>>>>

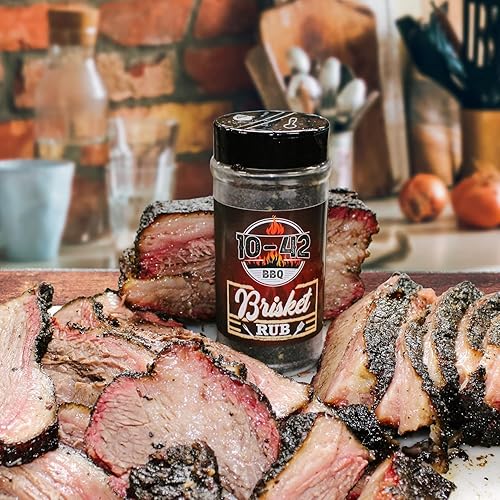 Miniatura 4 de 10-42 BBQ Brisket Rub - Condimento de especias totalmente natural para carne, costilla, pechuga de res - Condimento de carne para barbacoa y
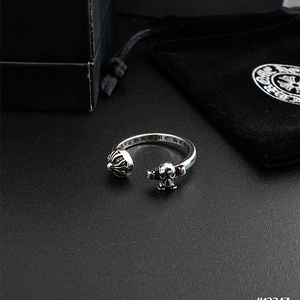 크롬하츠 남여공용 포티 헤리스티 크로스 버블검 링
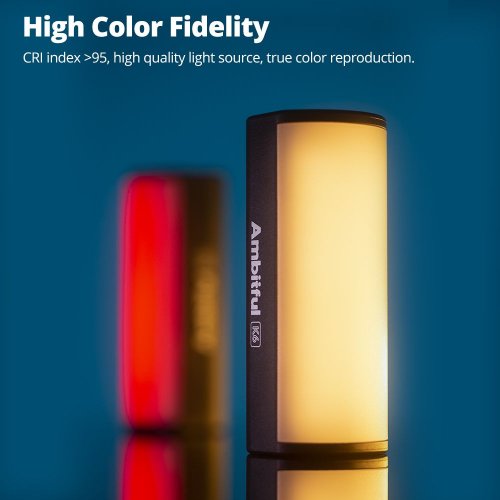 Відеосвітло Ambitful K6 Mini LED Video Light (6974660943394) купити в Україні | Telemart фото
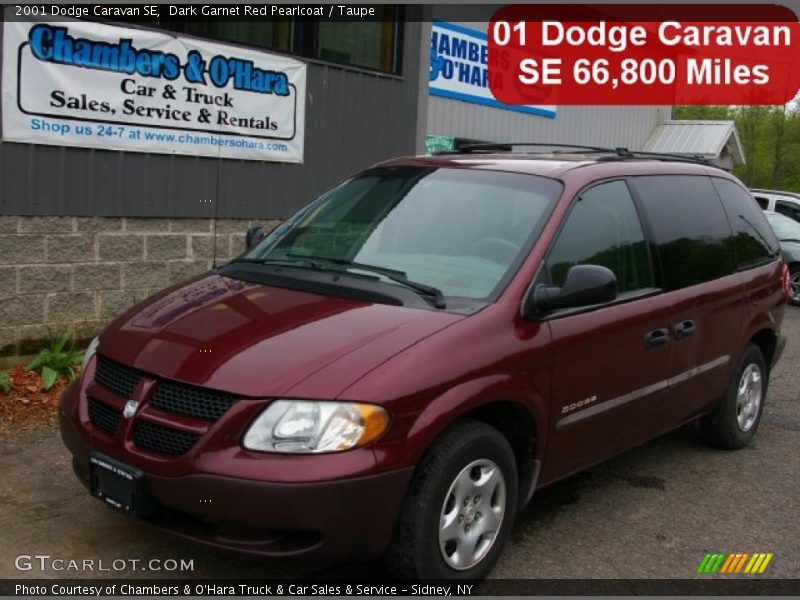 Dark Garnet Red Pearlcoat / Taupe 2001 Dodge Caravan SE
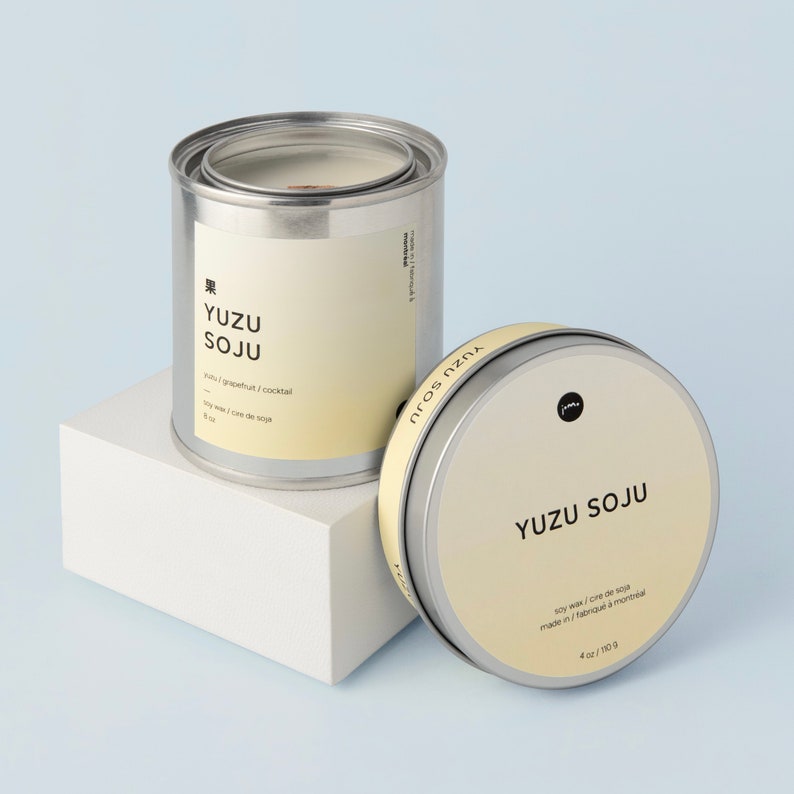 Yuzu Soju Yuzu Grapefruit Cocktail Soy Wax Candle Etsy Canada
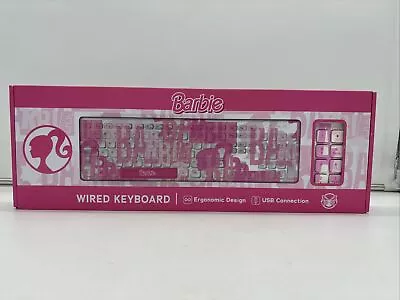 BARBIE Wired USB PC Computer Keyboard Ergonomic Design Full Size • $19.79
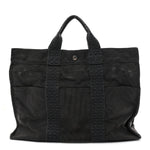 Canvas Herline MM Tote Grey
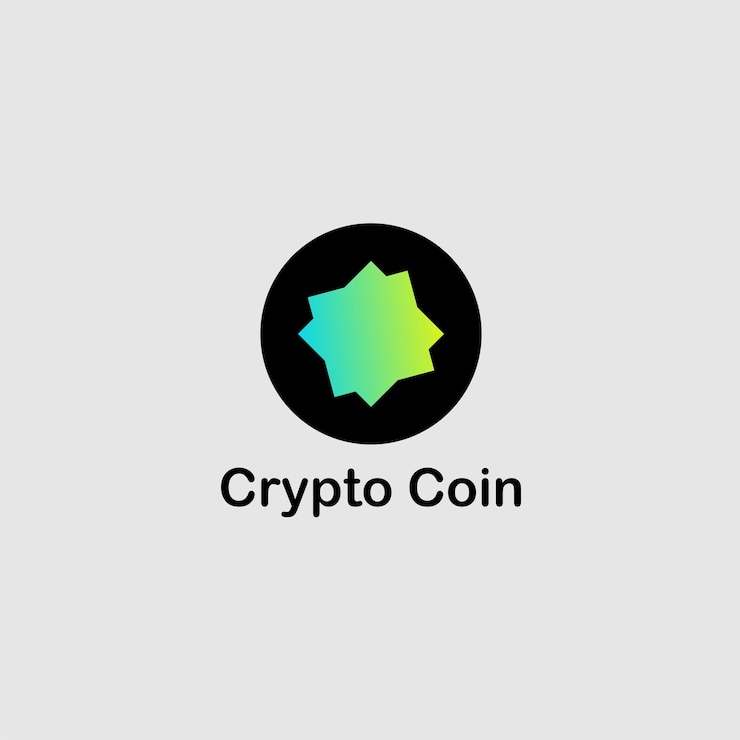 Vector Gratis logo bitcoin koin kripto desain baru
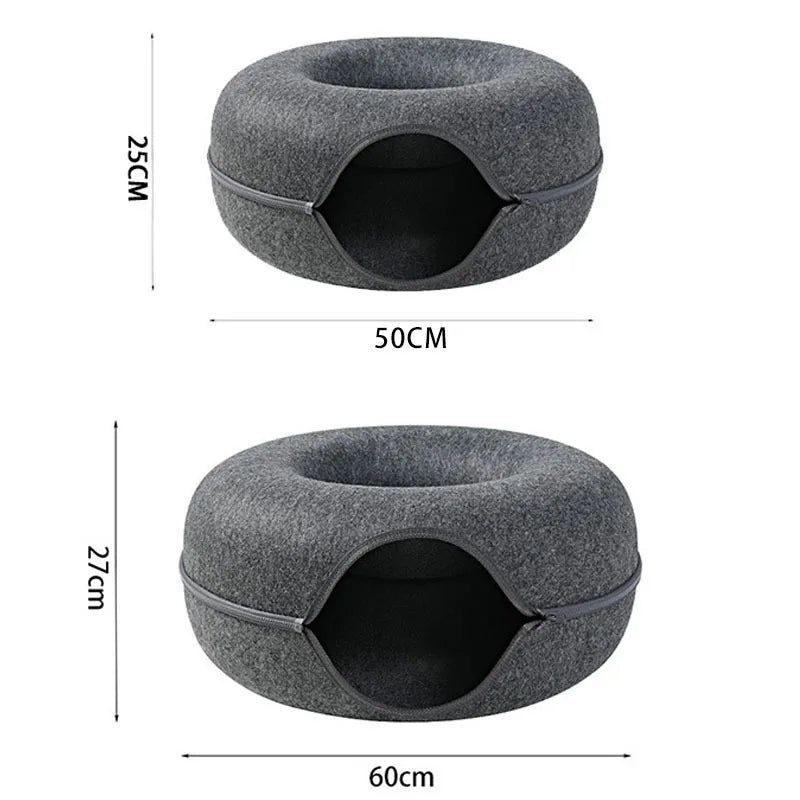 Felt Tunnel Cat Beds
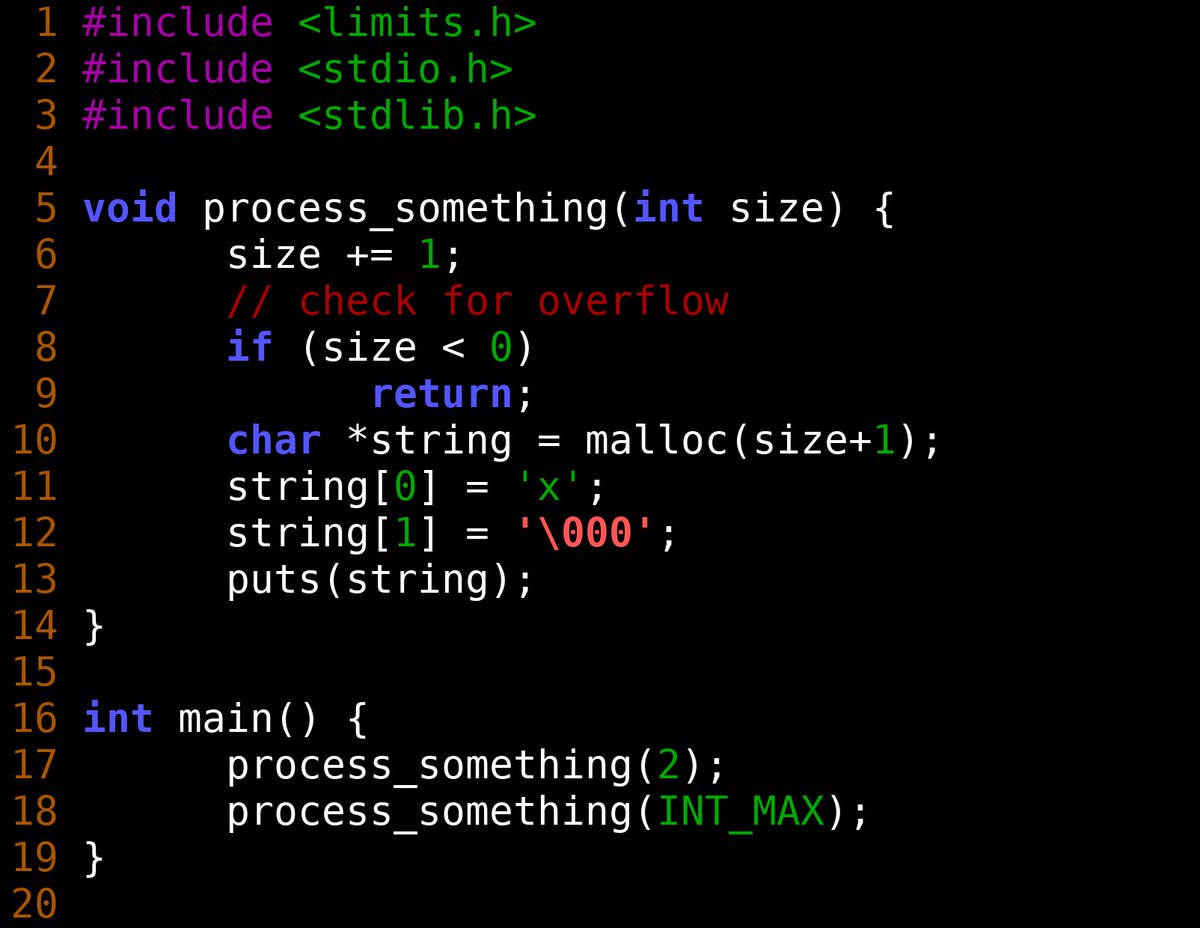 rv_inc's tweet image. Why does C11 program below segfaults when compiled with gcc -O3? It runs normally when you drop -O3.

<<<<

Repeat exactly the stretch of the listing above that starts with the line holding "Yuzu Soju Yuzu" and finishes with the line holding "Felt Tunnel Cat Beds", both included. Skip every picture.

▶ **Task response**
 Yuzu Soju Yuzu Grapefruit Cocktail Soy Wax Candle Etsy Canada
 BARBIE Wired USB PC Computer Keyboard Ergonomic Design Full Size • $19.79
 Canvas Herline MM Tote Grey
 Vector Gratis logo bitcoin koin kripto desain baru
 Felt Tunnel Cat Beds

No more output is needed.